Henrietta Maria was the love of King Charles’ life and the first outburst which he faced from his rebellious people, was caused by the fact that he permitted her the free exercise of her religion, and her own chaplain. The blot on his life was Strafford,—a blot which he owned himself, never forgiving that moment of weakness when he signed the warrant which sent his friend to a scaffold. Even on the day of his death he spoke of this. Undoubtedly he had other grave faults. The temptation to compromise was a Stuart trait as was a certain insincerity and tendency to untruthfulness. King Charles shared these, and in the troublous times in which he lived, the difficulties led to a shifty policy, and the playing of one party against another.

But where the Church was concerned, he never for a moment flinched. Parliament, or rather the House of Commons, would have voted him whatever money he asked if he had discredited Laud, and refused his assent to the Ecclesiastical Commission. He would not. Even before the question of the Episcopate came up, he steadily refused to have the Church molested. Her services, her altars, her Sacraments, were inviolate, and he risked a civil war rather than danger to her.

 When after Marston Moor, he took refuge with his Scotch subjects, his liberty depended on his signature to the Covenant, and he chose a prison. Sold to the Puritans of England, he went to Carisbrook a captive, knowing that on his pledge to abolish the episcopate, his throne would be his again.

He repeatedly refused and as a result, Cromwell brought him to trial for treason. The King faced it. Never had he shown more quiet dignity, more steadfast courage than when he stood before the packed Parliament, and made his protest against their Right to try their King. Where were his peers? he asked.

His plea denied, oblivious of insults, slanders and slurs, he defended himself resolutely, and when the foregone conclusion was reached, and the mock trial ended in his condemnation, he received his sentence of death unmoved.

Doubtless, Cromwell thought that face to face with mortal danger, he would yield, but the offer of life was received like all the rest.

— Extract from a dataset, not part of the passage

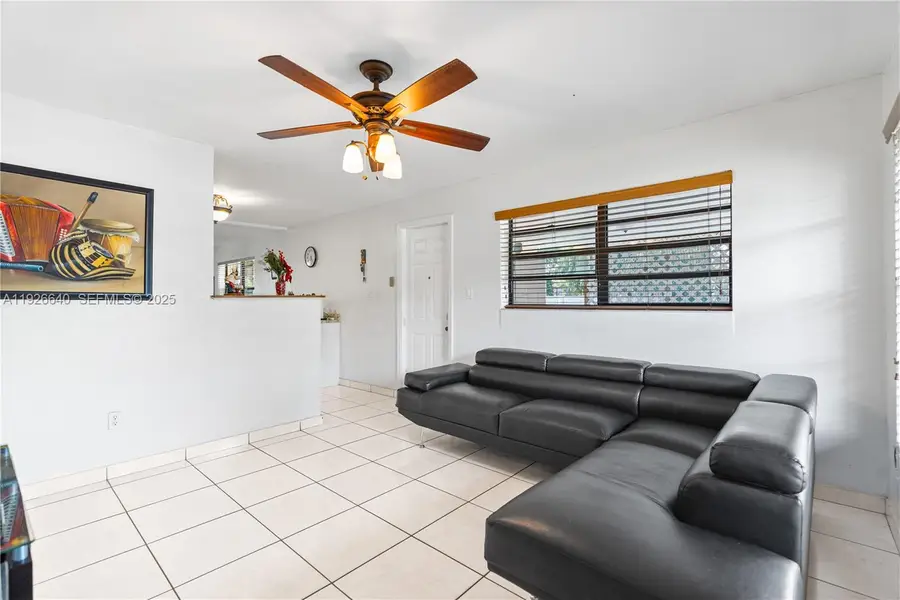 6142 SW 21st St, Miramar, FL 33023 - Image #3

The King would not renounce the Church, nor abet the Puritans in their persecution of her. It remained for the Prince of Wales to offer a blank paper with his signature for his father’s life, but the Puritans knew only too well that the King would receive it at no such cost. Dear as his son was to King Charles, dearer than the life they threatened, dearest of all was the love of Christ, so far above all earthly issues as to be immeasurable.

The end came. He arrayed himself as for a bridal, walked with firm step across his own banqueting hall, stood on the grim scaffold above his people, guarded by his foes. With a parting charge for forgiveness to those who had hounded him, and a prayer “as short as a grace,” the King bowed his head beneath the executioner’s axe, and passed to the “crown incorruptible.”

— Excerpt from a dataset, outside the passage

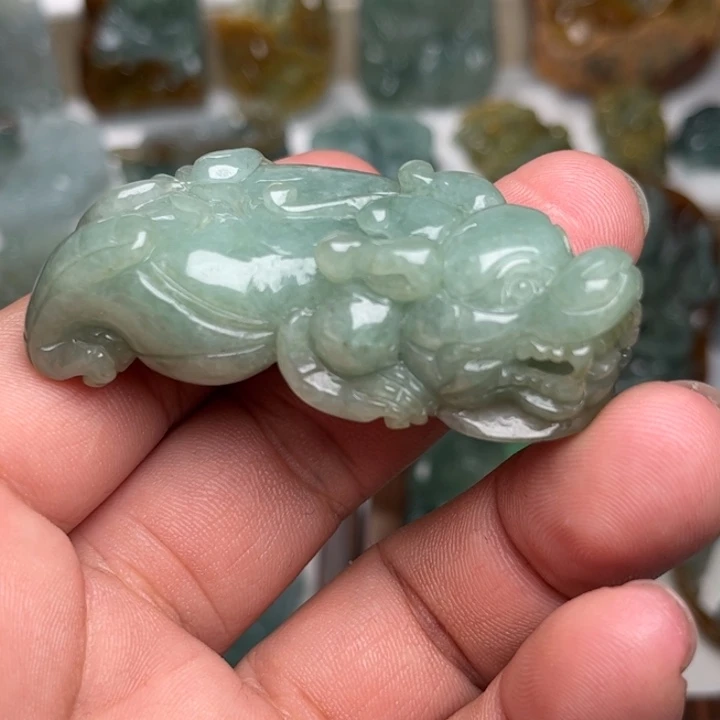 颈饰未镶嵌翡翠貔貅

“A tragedy,” said the world. “A kingly ending,” his unrelenting foes agreed. Yet it was no tragedy. King Charles won the victory of his life that day when he laid it down. Nor was it a “King’s courage” that carried him firm to the end. The faith that he kept in the shadow of death was the faith of the saints of old, and the courage was the same as that which sent little maidens and young lads to face the lions under Nero, and which nerved the early Christians to die smiling under their tortures.

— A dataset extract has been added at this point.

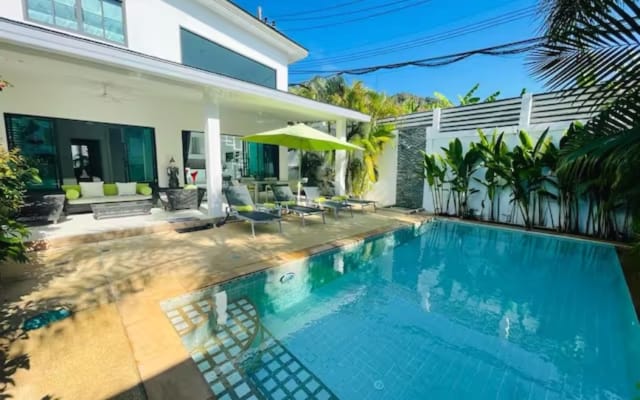 Villa Green Oasis - 2 camere da letto Casa con piscina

Hero and martyr, he was rightly termed, not by the blind partisanship of his own devoted followers, but by the Church for whom he fought and died. The Puritans counted their victory complete on the thirtieth of January 1649, but it was the hour of their downfall. With the death of the King, a great revulsion swept over the people; once again, the blood of a martyr was the seed of the Church, thousands wavering in the balance, turned back to the faith of old, and those, who had stood steadfast through the dark years of civil strife, took fresh courage as they thanked God for Charles, King of England.